And here came that guilt trip Beck’s Crazy Train was on:

But do you know how it got so worn and weathered that I didn’t even know what to do with it any more? My grandfather died when I was about 20 and I took the chair in for a while. It sat on my back porch, in the sun and in the rain. Even though I had wanted the chair—I—I—I loved the chair—it sat on my porch and slowly, over time, it just started to disintegrate. I don’t know if I was lazy, or stupid, or… I guess in the end I felt guilty; I hadn’t taken proper care of it. In the beginning I think the biggest thing was I just always assumed it'd be there. It would always be this way. It had always looked the same since I was a kid. Why would it change?

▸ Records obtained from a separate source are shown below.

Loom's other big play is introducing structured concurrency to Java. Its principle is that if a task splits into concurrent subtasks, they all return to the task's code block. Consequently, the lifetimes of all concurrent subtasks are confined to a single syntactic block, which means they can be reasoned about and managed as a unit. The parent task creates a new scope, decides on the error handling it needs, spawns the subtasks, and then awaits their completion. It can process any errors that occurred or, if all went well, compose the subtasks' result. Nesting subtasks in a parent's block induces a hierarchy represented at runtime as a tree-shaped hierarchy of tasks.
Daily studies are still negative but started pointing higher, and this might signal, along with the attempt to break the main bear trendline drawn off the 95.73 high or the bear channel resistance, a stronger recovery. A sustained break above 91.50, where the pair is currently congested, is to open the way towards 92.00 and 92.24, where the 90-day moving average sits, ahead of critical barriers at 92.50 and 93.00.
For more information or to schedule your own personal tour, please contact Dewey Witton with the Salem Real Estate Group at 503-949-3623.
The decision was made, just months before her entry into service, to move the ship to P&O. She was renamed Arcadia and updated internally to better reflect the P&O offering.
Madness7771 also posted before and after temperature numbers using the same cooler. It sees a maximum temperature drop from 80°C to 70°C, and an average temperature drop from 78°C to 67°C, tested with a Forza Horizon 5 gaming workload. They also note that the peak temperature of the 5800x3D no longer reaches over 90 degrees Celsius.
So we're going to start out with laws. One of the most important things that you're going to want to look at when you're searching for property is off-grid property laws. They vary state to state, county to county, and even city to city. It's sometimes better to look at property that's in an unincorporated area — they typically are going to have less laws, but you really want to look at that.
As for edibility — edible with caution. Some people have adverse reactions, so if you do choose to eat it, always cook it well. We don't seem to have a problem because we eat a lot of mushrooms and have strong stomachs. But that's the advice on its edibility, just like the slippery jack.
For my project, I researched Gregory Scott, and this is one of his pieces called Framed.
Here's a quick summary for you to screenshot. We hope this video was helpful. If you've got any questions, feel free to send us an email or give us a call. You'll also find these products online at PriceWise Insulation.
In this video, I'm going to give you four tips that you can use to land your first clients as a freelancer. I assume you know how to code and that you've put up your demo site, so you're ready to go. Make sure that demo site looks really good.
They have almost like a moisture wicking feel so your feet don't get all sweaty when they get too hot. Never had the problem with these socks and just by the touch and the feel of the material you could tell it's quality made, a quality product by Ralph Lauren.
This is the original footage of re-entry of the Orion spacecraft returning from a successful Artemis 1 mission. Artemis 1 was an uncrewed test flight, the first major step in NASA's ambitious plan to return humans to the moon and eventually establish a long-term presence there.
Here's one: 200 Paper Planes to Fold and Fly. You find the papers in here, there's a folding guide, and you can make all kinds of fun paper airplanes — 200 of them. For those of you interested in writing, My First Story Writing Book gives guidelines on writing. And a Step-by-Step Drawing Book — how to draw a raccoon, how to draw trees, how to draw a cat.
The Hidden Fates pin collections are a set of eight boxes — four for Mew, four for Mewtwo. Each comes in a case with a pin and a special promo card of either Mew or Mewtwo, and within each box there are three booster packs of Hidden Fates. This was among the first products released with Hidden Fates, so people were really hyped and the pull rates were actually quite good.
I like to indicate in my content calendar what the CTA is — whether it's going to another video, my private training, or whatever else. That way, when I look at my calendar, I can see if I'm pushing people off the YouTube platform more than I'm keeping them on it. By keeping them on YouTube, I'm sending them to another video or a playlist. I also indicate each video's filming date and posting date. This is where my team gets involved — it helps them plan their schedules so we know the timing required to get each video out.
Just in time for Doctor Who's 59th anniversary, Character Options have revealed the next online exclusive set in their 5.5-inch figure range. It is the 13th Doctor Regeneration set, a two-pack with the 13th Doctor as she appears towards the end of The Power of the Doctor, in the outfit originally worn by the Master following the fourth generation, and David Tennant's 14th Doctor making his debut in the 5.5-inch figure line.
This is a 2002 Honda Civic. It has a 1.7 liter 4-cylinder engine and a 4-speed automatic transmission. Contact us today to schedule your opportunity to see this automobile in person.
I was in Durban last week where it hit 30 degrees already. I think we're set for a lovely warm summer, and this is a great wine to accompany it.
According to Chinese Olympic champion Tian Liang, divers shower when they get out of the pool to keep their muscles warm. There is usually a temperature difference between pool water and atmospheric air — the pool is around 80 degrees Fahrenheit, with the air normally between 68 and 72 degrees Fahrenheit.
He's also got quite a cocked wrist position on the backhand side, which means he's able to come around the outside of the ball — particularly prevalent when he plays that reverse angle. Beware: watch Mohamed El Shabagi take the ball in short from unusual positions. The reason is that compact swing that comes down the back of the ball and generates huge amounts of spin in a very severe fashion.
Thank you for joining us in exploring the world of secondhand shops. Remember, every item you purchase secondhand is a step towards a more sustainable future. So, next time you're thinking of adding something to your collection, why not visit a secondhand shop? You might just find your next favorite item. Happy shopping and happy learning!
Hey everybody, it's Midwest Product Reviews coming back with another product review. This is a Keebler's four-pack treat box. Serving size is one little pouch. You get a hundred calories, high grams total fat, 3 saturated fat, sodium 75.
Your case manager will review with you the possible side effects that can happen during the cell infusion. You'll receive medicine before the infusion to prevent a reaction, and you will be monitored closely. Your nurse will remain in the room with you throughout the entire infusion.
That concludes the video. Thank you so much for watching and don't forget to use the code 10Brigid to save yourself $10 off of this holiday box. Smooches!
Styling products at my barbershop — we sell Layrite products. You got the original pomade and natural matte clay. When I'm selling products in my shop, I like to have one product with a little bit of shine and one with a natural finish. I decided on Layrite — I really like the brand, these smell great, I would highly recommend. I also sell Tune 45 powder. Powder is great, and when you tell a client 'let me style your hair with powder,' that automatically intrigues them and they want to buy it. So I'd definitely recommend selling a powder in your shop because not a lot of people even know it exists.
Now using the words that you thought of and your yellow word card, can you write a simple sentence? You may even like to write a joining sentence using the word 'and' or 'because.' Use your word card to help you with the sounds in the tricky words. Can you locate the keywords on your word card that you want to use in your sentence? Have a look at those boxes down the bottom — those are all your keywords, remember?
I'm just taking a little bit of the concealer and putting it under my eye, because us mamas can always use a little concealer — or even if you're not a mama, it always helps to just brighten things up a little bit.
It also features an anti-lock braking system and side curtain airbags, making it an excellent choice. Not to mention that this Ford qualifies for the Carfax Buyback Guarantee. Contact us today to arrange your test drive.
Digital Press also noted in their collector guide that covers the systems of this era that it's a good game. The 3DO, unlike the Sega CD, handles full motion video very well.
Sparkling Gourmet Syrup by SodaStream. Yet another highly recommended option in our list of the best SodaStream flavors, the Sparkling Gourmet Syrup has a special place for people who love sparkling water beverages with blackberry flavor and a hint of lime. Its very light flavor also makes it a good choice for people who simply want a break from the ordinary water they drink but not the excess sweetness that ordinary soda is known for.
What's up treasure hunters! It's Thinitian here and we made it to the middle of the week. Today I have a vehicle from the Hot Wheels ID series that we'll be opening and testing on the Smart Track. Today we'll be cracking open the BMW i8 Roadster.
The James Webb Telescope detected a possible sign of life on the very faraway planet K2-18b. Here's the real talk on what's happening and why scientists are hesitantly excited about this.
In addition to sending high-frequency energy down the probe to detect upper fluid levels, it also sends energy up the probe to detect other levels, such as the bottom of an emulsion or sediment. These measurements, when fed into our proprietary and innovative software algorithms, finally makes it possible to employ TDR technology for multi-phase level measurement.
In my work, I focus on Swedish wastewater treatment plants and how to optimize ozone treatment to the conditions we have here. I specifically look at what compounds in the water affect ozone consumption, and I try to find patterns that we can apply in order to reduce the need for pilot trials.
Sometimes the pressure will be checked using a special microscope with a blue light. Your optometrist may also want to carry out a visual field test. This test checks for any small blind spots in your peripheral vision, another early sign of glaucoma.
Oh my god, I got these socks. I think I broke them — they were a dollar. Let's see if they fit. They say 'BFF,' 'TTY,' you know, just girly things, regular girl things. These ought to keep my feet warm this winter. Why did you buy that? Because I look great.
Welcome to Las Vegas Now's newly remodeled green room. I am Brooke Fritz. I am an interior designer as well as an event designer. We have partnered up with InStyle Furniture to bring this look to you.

Beck had only himself to blame for dishonouring his grandfather’s memory, which, to his credit, he readily admitted. However, why was he making all of us pay for it?

It got crazier than that, though.

It took my wife to see that if we didn’t take care of it, if we didn’t restore it, there eventually wouldn't be anything left of it. She was right. She was right. When it comes to America, I was the same kind of guy. I loved America. I just always thought it would be there. On Nine Eleven I changed. I remember thinking, “Oh my gosh, we’re so fragile.” Do you remember how afraid you were on September 11th? It took that event for me to see the real meaning of freedom, to really appreciate it, to understand that if I don’t do my part—if I just always leave it out on the porch and expect it to always be there, it will be gone as well.

Since I woke up to that fact, I've averaged 2 to 5 hours sleep a night, mainly because I'm just reading. I am up all the time reading. Trying to educate. I’ve been stupid most of my life. I wanted to shake that.

I think you feel the same way. That’s why you watch this show every night. We are experiencing the same journey together every day. And I know you are tired. You're busy with the kids, with family, with work and everything else. And now it seems like every step of the way you have to try and stop government from doing something else. Now they are taking health care and just turning it upside down!

They are attacking our core values and principles every single day it seems! They're either turning this chair into a footstool or firewood!!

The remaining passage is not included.